• **TRY IT**: All of the data should be repeated exactly; pictures are not part of the copy.

• **DATA PROVIDED**:

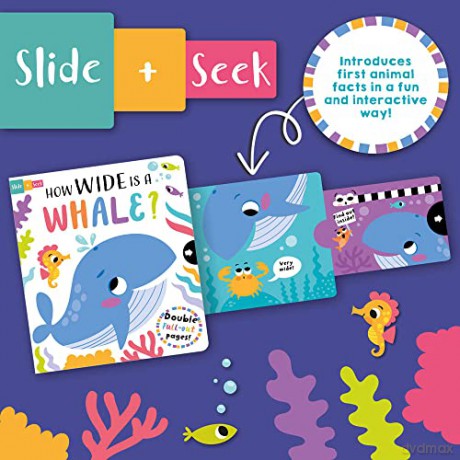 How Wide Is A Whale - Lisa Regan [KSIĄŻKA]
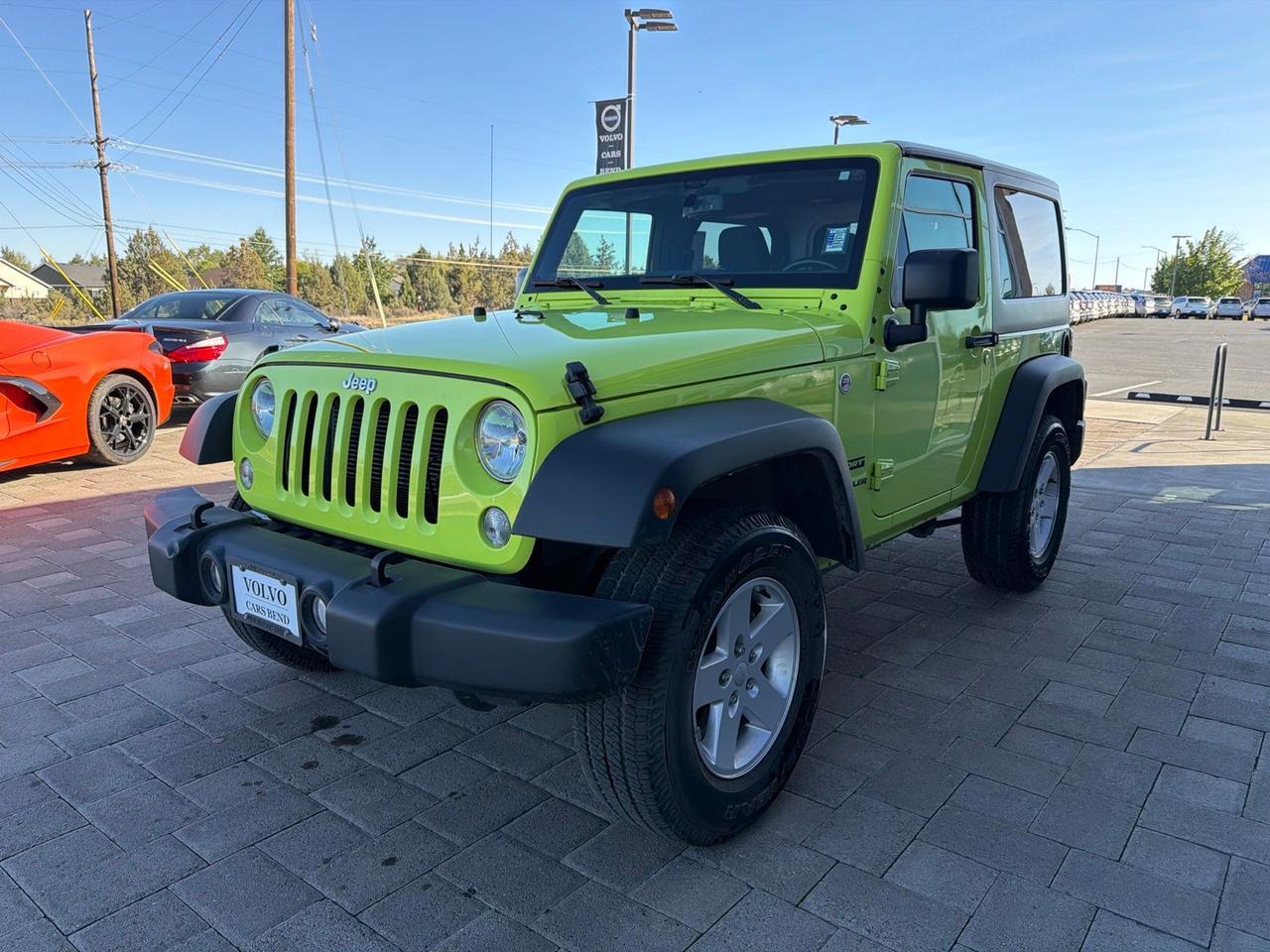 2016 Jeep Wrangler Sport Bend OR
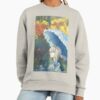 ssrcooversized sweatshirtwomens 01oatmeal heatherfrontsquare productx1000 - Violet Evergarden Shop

• **OUTPUT**:
 How Wide Is A Whale - Lisa Regan [KSIĄŻKA]
 2016 Jeep Wrangler Sport Bend OR
 ssrcooversized sweatshirtwomens 01oatmeal heatherfrontsquare productx1000 - Violet Evergarden Shop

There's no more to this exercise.